Odd result when using langchain Neo4jVector.from_existing_graph

I'm seeing an odd result when using Neo4JVector.from_existing_graph that I hope someone can shed some light on.

The short story is that embedding a property with a string value, then doing a similarity search for that exact string value does not return a 100% match.

The attached python notebook compares 2 methods of embedding a text property in a single node labelled "EmbeddingTest".

Method 1 creates a vector index manually, then embeds a string value, then saves that vector back to Neo4J. This vector is EmbeddingTest.embedding_text_1.

Method 2 uses Neo4JVector.from_existing_graph to create the index, perform the embedding ansd save the vector back to Neo4J as a single step. This vector is EmbeddingTest.embedding_text_2.

A similarity search is performed using both vectors. Method 1 score is 1.0 as expected, but method 2 is 0.973. Why??? This should be an exact match.

Attached is a python notebook with this test scenario and screen shot showing the vectors are indeed different even though the embedding settings are the same.

My only hunch is that Method 2 is embedding some meta data in addition to the node property value, but I can't find any evidence that is the case.

Any ideas or insight would be greatly appreciated.

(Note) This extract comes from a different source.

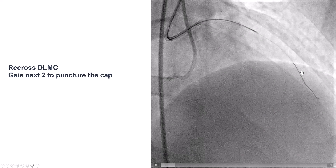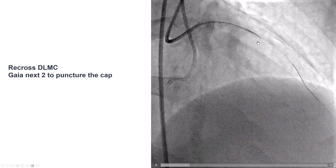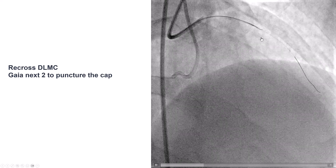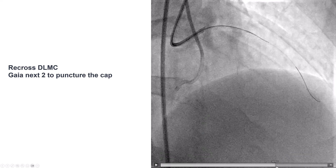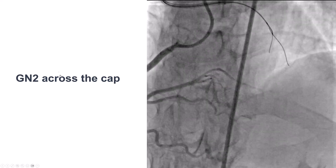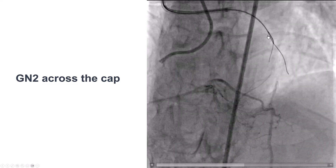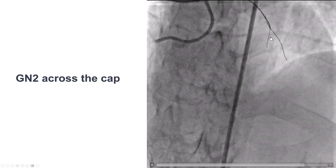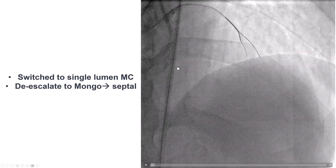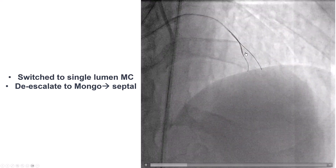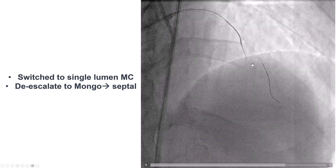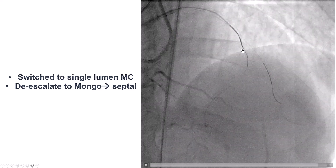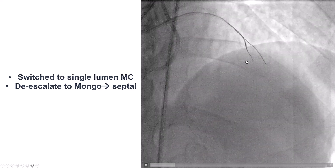We placed a guide wire to protect the diagonal branch, and then initially we used a dual-lumen microcatheter — a Recross — with a Gaia-NX2, but we had difficulty advancing the guide wire into the proximal cap. Eventually we switched to a single-lumen microcatheter. We used the Gaia-NX1 wire, and it seemed to be going in the right direction but was a little off-axis. So we took out the Gaia-NX2 and de-escalated to a Mongo wire. That is why we no longer say antegrade wiring escalation, but rather antegrade wiring, because it's not just escalation but escalation and de-escalation.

embedding_test.py.txt (3.9 KB)

Hi Kurt,

Looking at the Langchain code... it appears that the string which is actually embedded is:

\n[PROPERTY NAME]:property value

(without the brackets). So, the embedding is for:

\ntext:This is the sample content that is used for the embedding test.

Thanks John! I was guessing it was something like this so thank you for the details.

I've confirmed this by doing a similarity search using

search_text="\ntext:"+test_text

and it indeed comes back with a score of 1.0 for method 2.

It seems like this is somewhat important and probably should be noted clearly somewhere in the langchain docs. I would imagine there could be some significant unexpected effects for small text values where the property name itself results in unexpectedly high match scores. Or in the case of empty values, they will all return a near exact match just for the property name.

-Kurt

1 Like